Sehr geehrte Damen und Herren! In Ergänzung dieses sehr wichtigen Angebotes soll in Sachsen-Anhalt ein Opferhilfefonds gegründet werden, der als subsidiäre Hilfeleistung Opfern von Gewalttaten die Möglichkeit eröffnet, unbürokratisch Hilfe zu erlangen und Härtefälle auszugleichen. Der vorliegende Antrag der Regierungsfraktionen untermauert das Anliegen und ist ein wichtiges Signal an die Gesellschaft; denn kein Opfer wird vergessen.

Sehr geehrte Damen und Herren! Die Erfahrung lehrt, es kann nicht gelingen, alle Eventualitäten vorbeugend aufzufangen und alle Konstellationen zu prognostizieren. Lassen Sie mich in diesem Kontext ein Beispiel nennen. In dem Prozess um den Attentäter von Halle tauchte plötzlich die Frage auf, wie mit den Reisekosten der für diesen Prozess so wichtigen Nebenkläger umzugehen war, die zu einem großen Teil aus dem Ausland anreisen mussten. Das war bislang gesetzlich nicht hinlänglich geregelt und der Bund fand eine Ad-hoc-Lösung zur finanziellen Entlastung der Betroffenen.

Anschließend wurde diese Lücke mit einer Richtlinienänderung auf der Bundesebene geschlossen. Daher ist es sinnvoll, mit einem Opferhilfefond auch auf der Landesebene ergänzende Unterstützung anzubieten, wenn andere Hilfesysteme nicht greifen. Damit stehen wir im Einklang mit dem Bundesopferbeauftragten.

Es hat sich gezeigt, dass die Bedürfnisse von Betroffenen schwerer Gewalttaten sehr breit gefächert sind und weitere finanzielle Hilfen notwendig sein können.
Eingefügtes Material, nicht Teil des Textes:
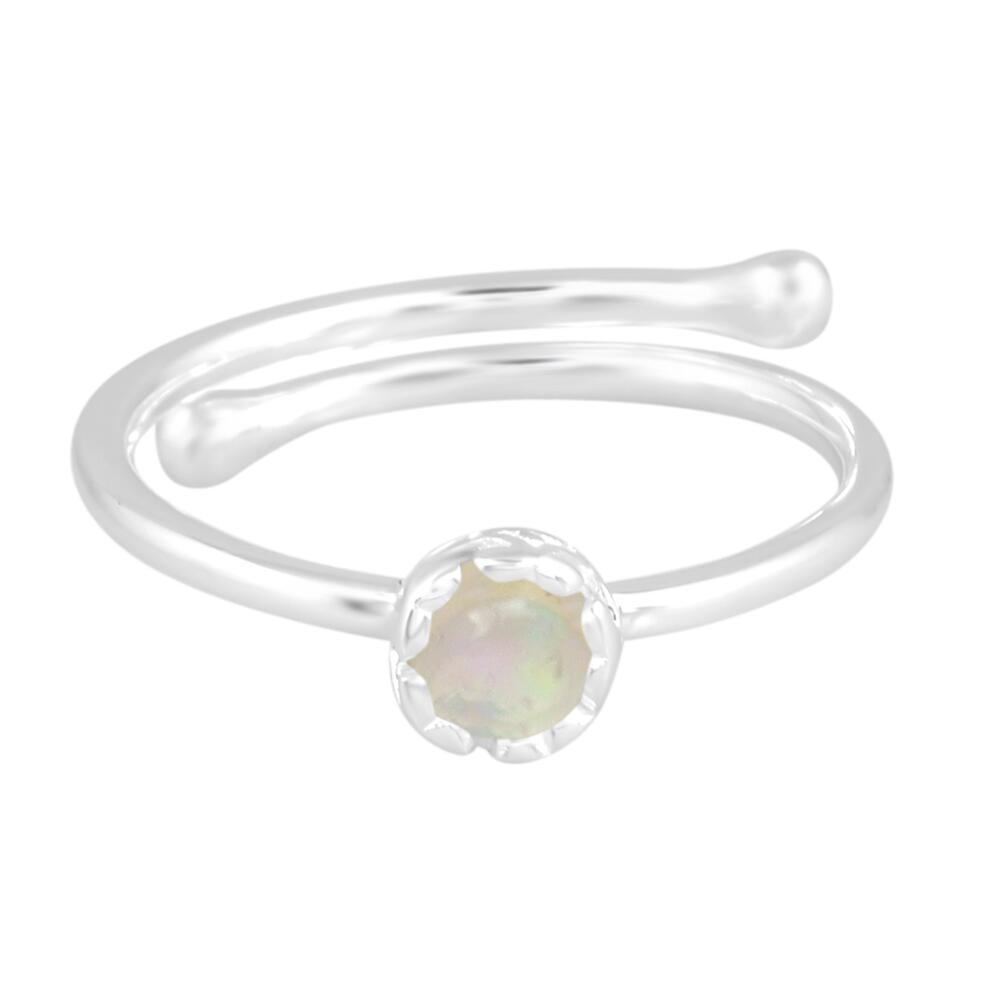 Image#1 Round Cabochon Ethiopian Opal Small Adjustable Ring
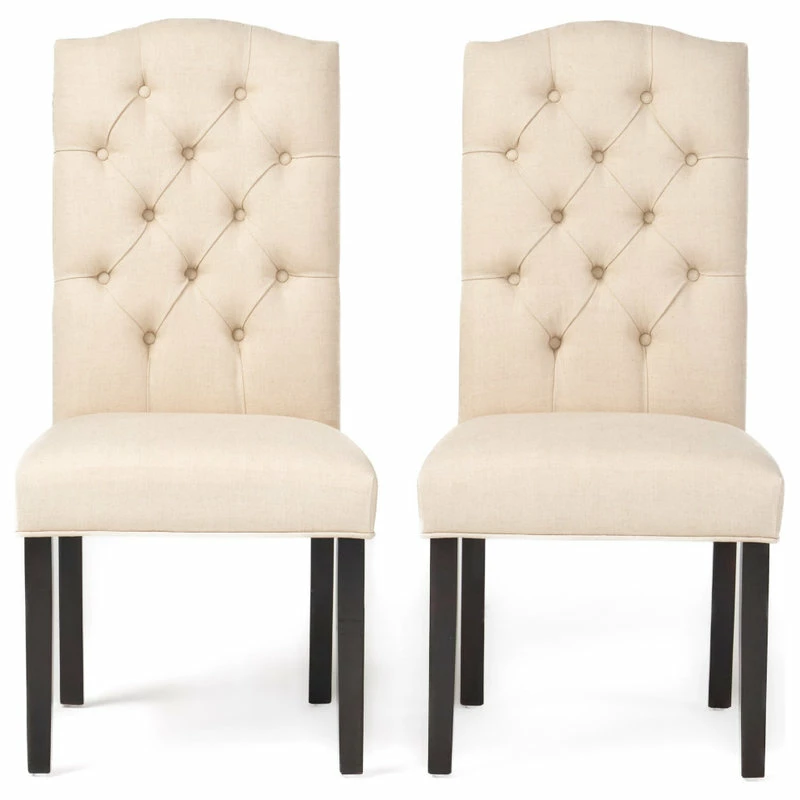 Best Pirce 🤩 GDFStudio GDF Studio Clark Indoor Tufted Fabric Dining Chairs, Set Of 2, Natural Linen 🎉 1 Best Pirce 🤩 GDFStudio GDF Studio Clark Indoor Tufted Fabric Dining Chairs, Set Of 2, Natural Linen 🎉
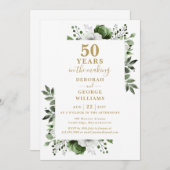 Invitation Chic 50e anniversaire de Mariage Monogramme Floral (Devant / Derrière)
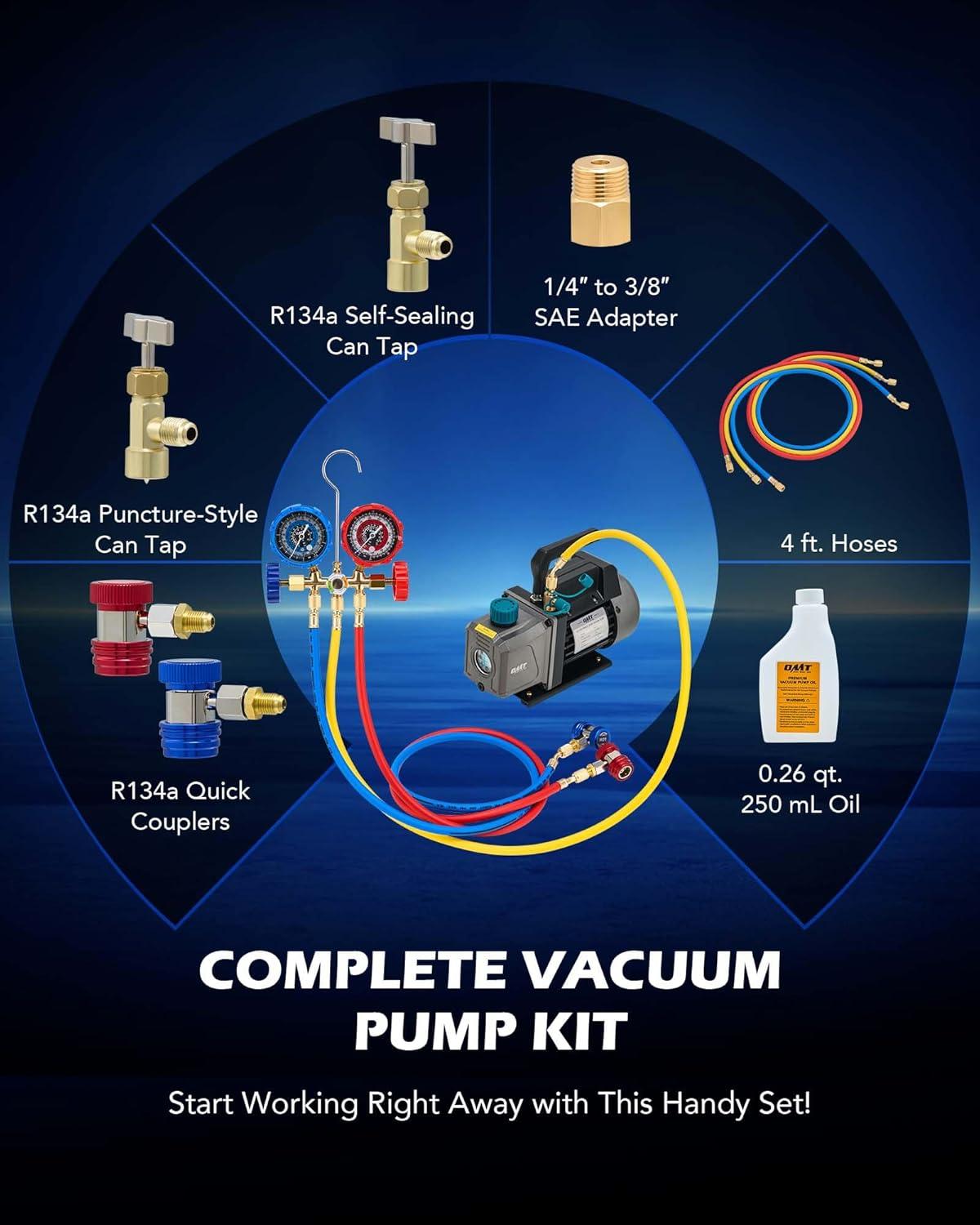 imageOrion Motor Tech AC Vacuum Pump and Gauge Set 13 hp 4 cfm Vacuum Pump Manifold Gauge Kit with Leak Detector 4 Hoses ampamp Accessories for R134a R22 R410a AC Vacuum Pump Kit for Auto HVAC Systems35 CFM3 way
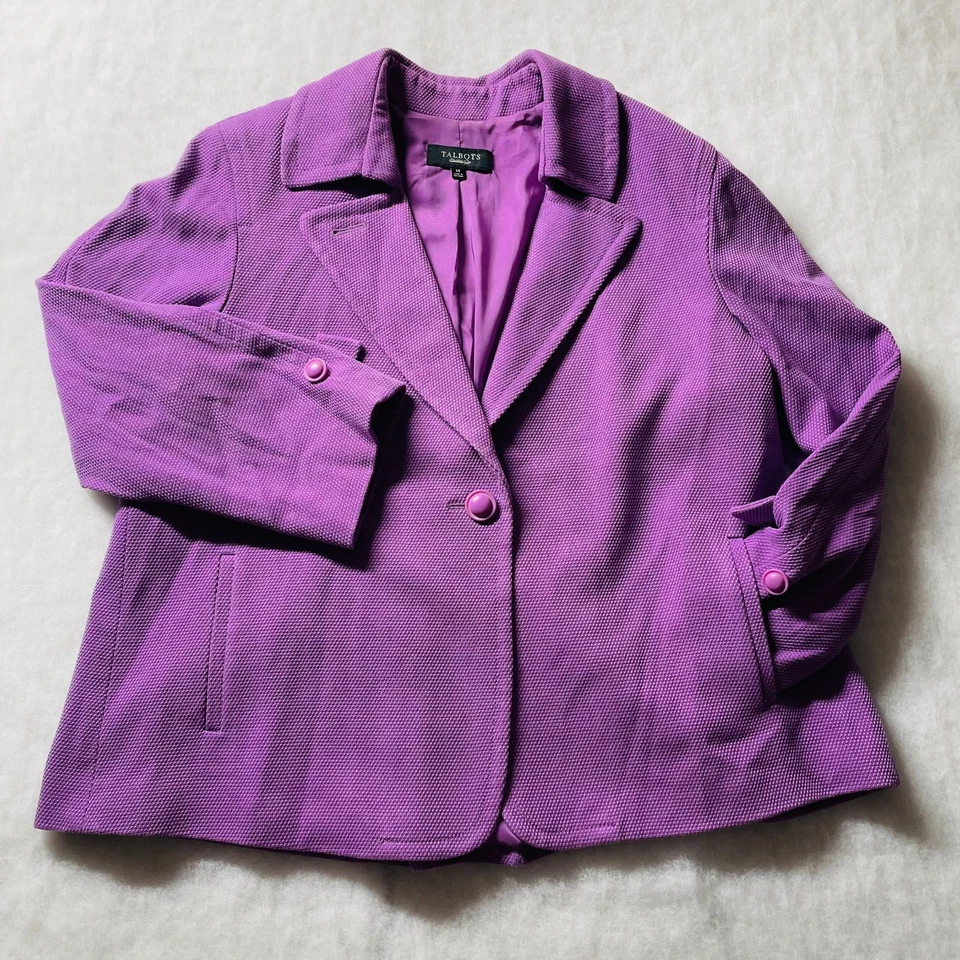 Blazer Traje Talbots Mujer Púrpura Muesca Única Solapa Un Botón Talla 14 Foto 1 de 4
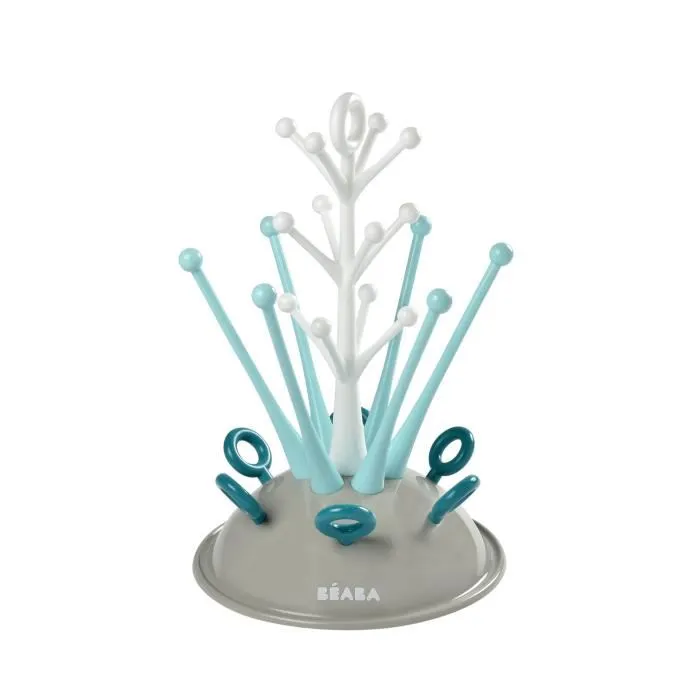 BEABA Égoutte-biberons Arbre, Grande capacité pour 6 biberons et accessoires, Bac de récupération d'eau amovible, Design astucieux, Bleu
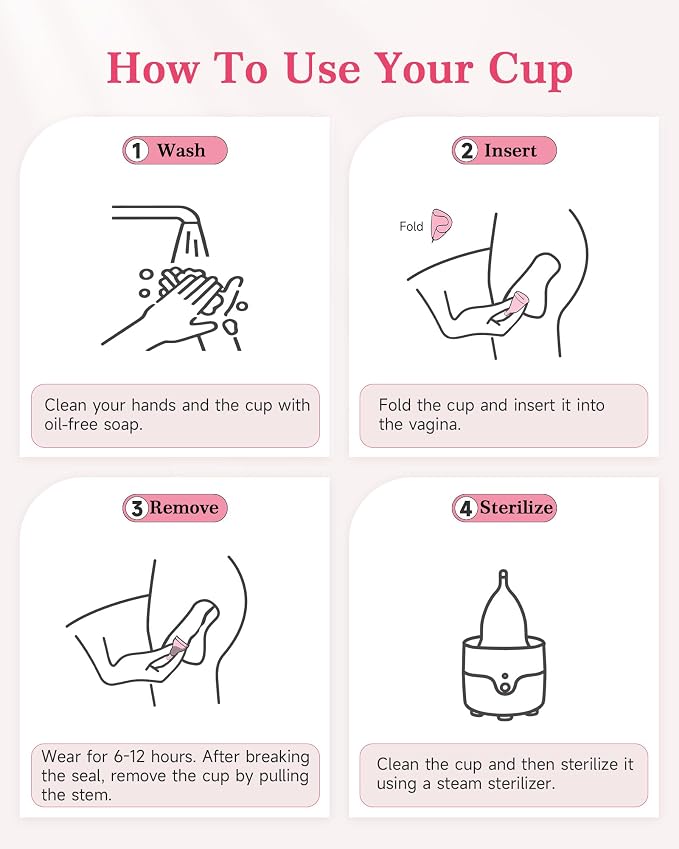 Menstrual Cup Steamer Sterilizer with S&L Size Reusable Period Cups, BPA Free, Leak-Proof Up to 12 Hours, Period Cleaner Kit-Travel Storage Pouch Included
Mit den geplanten Haushaltsmitteln in Höhe von 50 000 € für das Haushaltsjahr 2022 wollen wir einen Startpunkt setzen. Wir werden uns über die Ausgestaltung und die Detailfragen verständigen und im Ausschuss für Recht, Verfassung und Verbraucherschutz ausführlich dazu beraten. Ich nehme den hier vorliegenden Antrag, sollte er so beschlossen werden, gern als Arbeitsauftrag mit. - Vielen Dank.